Steves quotes Israelis as saying that the “land was unused,” as an explanation as to why Israelis settlements arose. Here, once again, Steves overlooked the history of the Jews in the land, especially in Judea and Samaria, which historically was the heartland of Jewish sovereign kingdoms. Steves disregarded the fact that Jews were expelled from Judea and Samaria, and since the 16th century, Spanish and Portuguese Jews, driven from the Iberian Peninsula, settled in their ancestral homeland of Israel. Although controlled by the (Muslim) Ottoman Empire, Jews chose to live in Hebron, Tiberias, Safed and Jerusalem in particular. In the 19th and 20th centuries, Jews bought land in Palestine and the “disputed territories” with hard cash, legally, and not through land grabs.

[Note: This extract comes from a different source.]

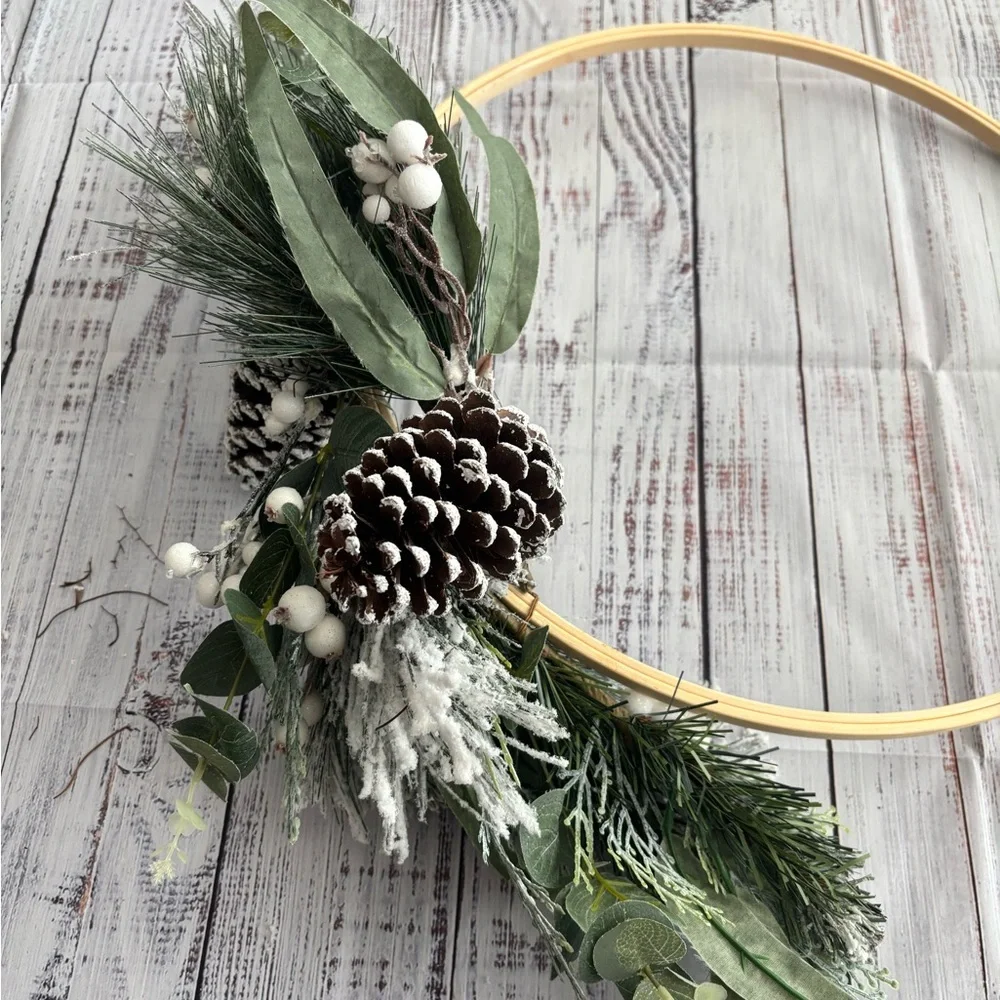 Festive Green and Brown Christmas Holiday Wreath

The assertion by Steves that there are “only several hundred Jews living in Hebron” is wrong. Hebron is home to approximately 700 Jews inside the city, and an additional 6,000 Jews live in the adjacent community of Kiryat Arba. Steves doesn’t provide an explanation as to why Bethlehem Christians are only a small fraction of the city’s population, and for the same reason the Christian population in the West Bank and Gaza amounts to only 2%, according to him. The answer is the Muslim Palestinian majority has oppressed, and driven out the Christians.
“Israel was born in part because of the Holocaust.” This anti-Zionist mantra that Steves employs in his narration is totally false. Jews have sought national redemption since the First Century CE, and it was only in the 19th century that political Zionism was born with the quest of national redemption through political action. The Holocaust only proved that had the British allowed the Jewish state to form earlier, millions of European Jews would have been saved.
Finally, Steves reminds us that “one man’s terrorist is another man’s freedom fighter.” Is the suicide bomber who blew himself up in a crowded discothèque in Tel Aviv killing 29 teenagers, shouting Allahu Akbar, a freedom fighter? Is killing of Jews in the name of Islam Steves understanding of being a freedom fighter? Palestinian terror is not about seeking self-determination, it is about liquidating the Jewish state. This is where Steves’ pro-Palestinian bias is transparent.